Food pantries are sprouting up on college campuses across the nation, part of an emerging trend that’s beginning to shed light on a subject with little data so far: hunger and food insecurity among the college crowd.
At UNC Charlotte, college officials launched the Niner Food Pantry in September. From 3 to 6 p.m. Mondays and Thursdays, students without university meal plans who live off-campus can make their way to Room 3135 in Colvard Building and select items from stocked shelves filled with donated nonperishable items, such as raisins, peanut butter and canned vegetables.
Food insecurity is hard to measure on college campuses, but most experts agree it exists to some degree.
A report last year from Feeding America, a national organization linked with 200 food pantries across the nation, estimated that college students make up 10 percent of their clients.
Researchers at Western Oregon University have put the percentage of food bank use by college students closer to 60 percent.

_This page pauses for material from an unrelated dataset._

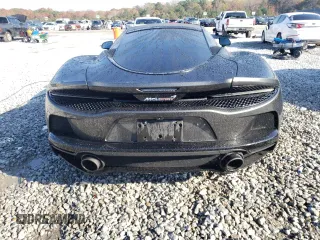 2021 McLaren GT z VIN SBM22GCA8MW001374, wystawiony jako Copart lot #82147064 z przebiegiem 32 562 mil mil oraz Nie do naprawy. Historia ofert i sprzedaży dostępna na DreamBid. Obrazek 6.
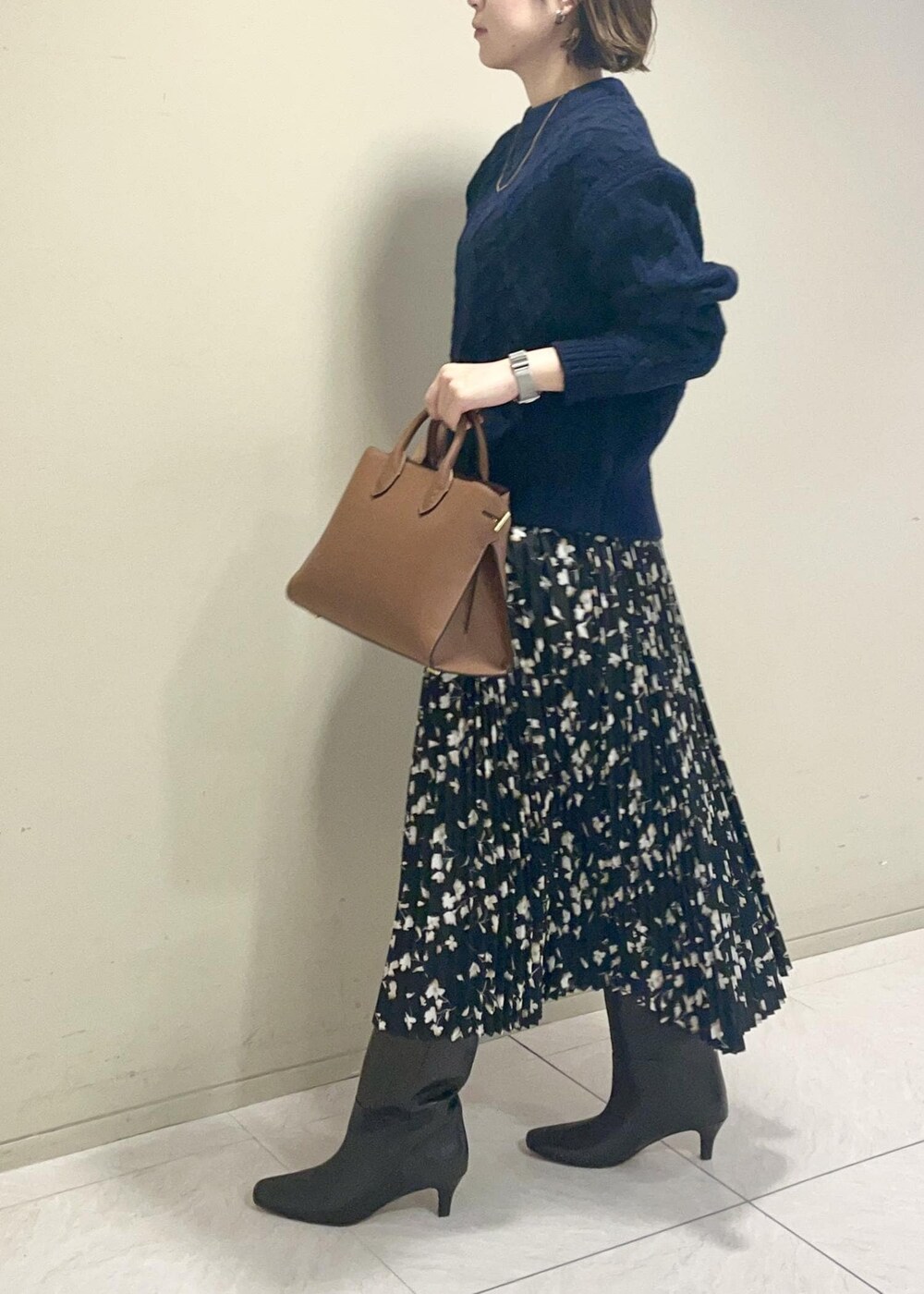 ブラウン系のブーツ、イエロー系のトートバッグ、ブラック系のスカートを着用したレディースの秋コーディネートの4枚目の写真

UNC Charlotte officials – as well as those at several other universities within the UNC system that have launched campus food pantries within the past six months, including UNC-Chapel Hill and N.C. State University – aren’t sure how big the problem is on their respective campuses.
“We don’t have a good sense of that now,” said Kim Buch, one of the organizers of the UNC Charlotte pantry. “That’s one of the things we’re hoping to learn as we collect data.”

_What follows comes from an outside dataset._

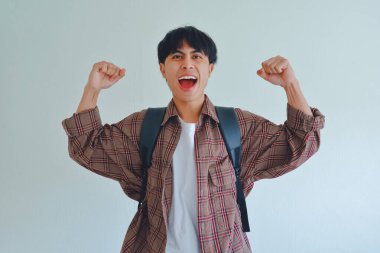 Sırt çantası takmış, yumruklarını iki eliyle sıkan erkek bir üniversite öğrencisi beyaz bir arka planda başarıyı kutlayan mutlu bir ifade sergiliyor.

Since September, Buch said, the pantry averages 30 to 50 visitors a week.
The catalysts behind the surge of campus food banks are many. Rising tuition in recent years, economic recession, unemployment among tuition-paying parents and unemployment among students are a few of the factors.
But Buch said other positive factors are also in play, including a more holistic approach to student well-being than in the past.

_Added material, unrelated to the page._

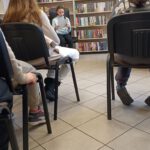 Grupa uczniów siedzi w bibliotece, jedna dziewczynka czyta uczniom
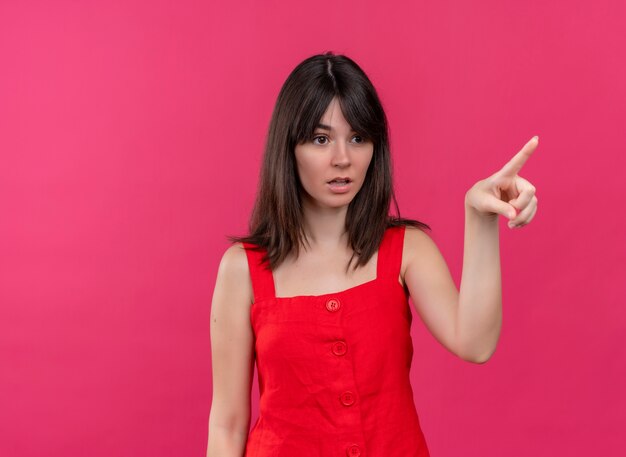 Chica caucásica joven sorprendida apunta hacia el lado sobre fondo rosa aislado con espacio de copia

“Our biggest concern among universities is to attract good students and retain them for graduation,” said Buch. “Student performance is something we need to pay attention to.”
There’s also less stigma associated with asking for help these days.
“This is my second time. I came here in mid-December,” said Sehwan Kim, 21, a junior at UNCC who is majoring in mathematics with an education minor.
Kim makes do most weeks, he said, but when school is out, his campus job is also offline. He uses the pantry to fill his cupboards during those gaps.
“I’ll probably come one more time, because now that the semester is starting, I get to work and paychecks will be coming in.”
Buch said grants – such as one through Food Lion that provided $8,000 worth of food – have kept the pantry well stocked. Before winter break, they also were inundated with items from various campus-sponsored food drives.
Her chief concern is always to keep the supply ahead of the demand.
“Now we are flush with food, but by the middle of the semester or the end of the semester, we don’t know,” she said. “This is our learning curve.”
Next year, the pantry plans to introduce fresh produce through a partnership with Levine Scholars, who have established a campus garden.
Organizers also hope to move the pantry to a bigger space, to help spread the word to those who need it.
“We’d like to go where there’s more student traffic and visibility,” said Buch.